Abstract

N ~ rOT often does it happen that four difficulties in a subject can be effaced by matching one against another; usually they must be laboriously eradicated one by one. Four frequent difficulties in the music area are: the high cost of individual instruction which has always been considered necessary; the impossibility of standardizing or evaluating work when each student studies different material; the unwillingness of the colleges to accept music credit on a par with credit from other departments, because of the questionable content of many music courses; and the complex organization necessary to schedule these multitudinous courses which, under the encouragement of individual fees, have been subdivided to the point of absurdity. This article reports the beginnings of a change from individual to group instruction and suggests the further development of the program which will eliminate all these difficulties. When group instruction replaces individual tutoring, the cost is made commensurate to that of any other college subject. Moreover, the problem of standardization is solved.

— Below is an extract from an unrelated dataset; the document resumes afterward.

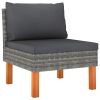Middle Sofas 3 pcs Poly Rattan and Solid Eucalyptus Wood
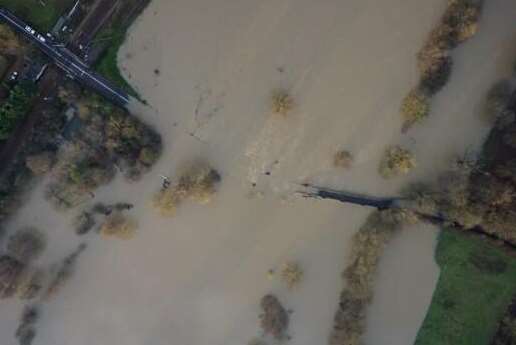 Teston Bridge from the air. Picture courtesy of SkyFlyvideo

Even though a definite course of study with detailed outline is used by teachers in private lessons, it is impossible in practice to maintain a standard content. The large number of teachers necessary to carry on a program of individual teaching, the fact that all such tutors are themselves the products of such a highly individualized and often fanatical system; the variation between students, which is doubtless unreasonably apparent in a subject where physical technique has traditionally been so overemphasized-all these factors make it impossible for a program of individual music instruction to hold to a uniform standard. If instruction in music is carried on in a way comparable to instruction in other courses, evaluation is no more a problem than in any college subject. Once the music courses are standardized so that it is possible for college administrators to ascertain their content, it is easier to have them accredited. We assume that an art properly taught has a place in any college that purports to provide a cultural education.